平屋建一軒家の借地返還に成功した事例

※ 弁護士の守秘義務に関する日弁連規程第4条第4号にしたがい、掲載にあたり依頼者が特定できないよう、また依頼者の利益を損うおそれがないよう実際の事例を一部加工しております。
   

ケースの概要

(1)土地の状況
 愛知県所在の宅地約200㎡の土地上に、平屋建ての一軒家が建っている。対象土地は、最寄駅から徒歩約10分程度の距離にあり、周辺は閑静な住宅街となっている。

(2)土地賃貸借契約に関する事項
 対象土地の借主は、平屋建て一軒家の所有者であり、親の代から既に50年以上、対象土地に居住している。建物は木造で築50年以上が経過しており、相当に老朽化している。借主は、度々地代の支払が滞っており、滞納地代は合計で1年分に達していた。

(3)特記事項
 対象土地の借主は攻撃的な性格であり、滞納している地代の支払いを求める地主に対して、怒鳴り散らすなどの問題行動を起こす人物であった。

課題、争点

(1)解除原因または正当事由
 地代の支払いを1年分滞納していることから、地代の不払いによる土地賃貸借契約の解除を求めた。

(2)立退料について
 借主側の契約違反(地代の不払い)による解除であることから、立退料の支払い義務は無し。

交渉、解決のポイント

 借主は攻撃的な性格であり、まともな話し合いは期待できないことから、弁護士名で地代の不払いを理由に土地賃貸借契約の解除を求める内容証明郵便を借主側に発送した。そのうえで、借主が任意に退去しない場合は、訴訟を提起し、強制執行により対象土地の明渡しを実現することを伝え、強気の姿勢で交渉した。当初は、その攻撃的な性格から開き直ったような態度で応じていた借主であったが、訴訟になれば旗色が悪いことを徐々に認識するに至り、借主側も弁護士を立てて本格的な交渉に入ることとなった。

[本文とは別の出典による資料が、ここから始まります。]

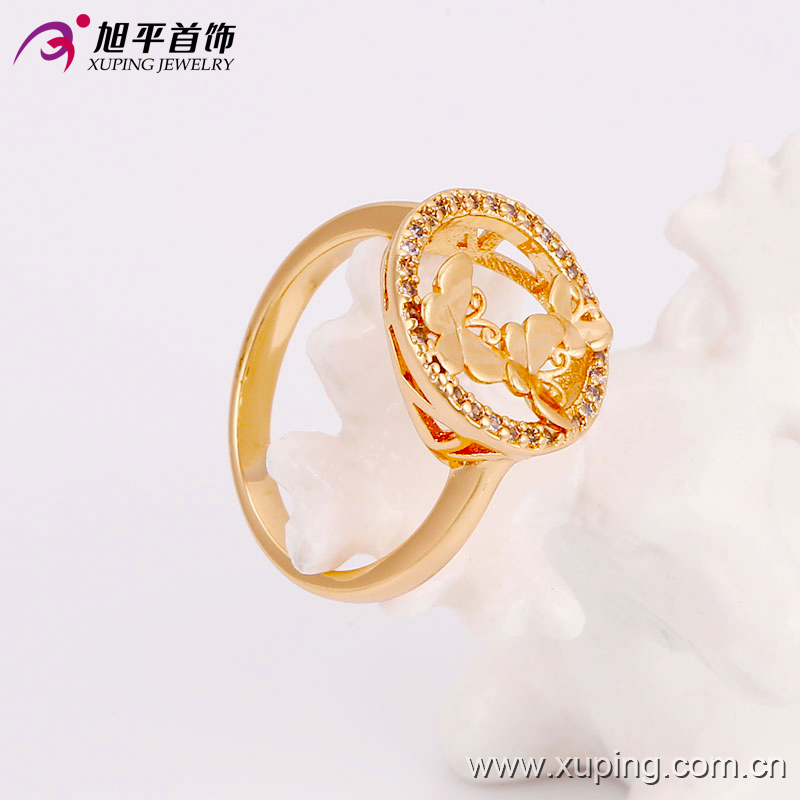 2016 Fashion Gold Stone Ring Tat Ring Light Bride Synthetic CZ Jewelry Ring with Double Butterfies 13521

 借主側は、対象土地から退去すること自体は了承したものの、経済的に苦しく、一軒家の解体費用を捻出することができないことから、一軒家を現状のままにして対象土地を返還したいという条件を提示した。法律上は、一軒家の解体は借主側の義務であり、地主側が解体費用を負担する理由は無いものの、仮に訴訟となって強制執行をした場合でも、借主側にお金が無いため、結局一軒家の解体費用は地主側が負担せざるを得ないという状況であった。そこで、訴訟や強制執行の手間・費用を節約するために、借主側の条件を受け入れ、一軒家を現状のままにして対象土地を返還するという内容で合意するに至り、対象土地の返還が実現した。

解決後の姿、解決により貸し主が享受した利益

 対象土地の返還後、地主側の負担で一軒家を取り壊し、更地になった対象土地の上に新たに賃貸アパートを建築することで、土地の再利用に繋がった。

担当弁護士のひとこと

 借主が攻撃的な性格で当初は全く話し合いにならない状況でしたが、早々に訴訟・強制執行という法的な手段を明確に提示して強気で交渉したことが功を奏し、交渉から3カ月程度で対象土地の明渡しに合意することができました。

 一軒家の解体費用が地主負担となったことは残念でしたが、お金の無い借主から解体費用を回収することは不可能であると早々に割り切って訴訟・強制執行の手間と費用をかけずに早期に解決できたことは、結果的に地主にとって最良の結果であったと思っています。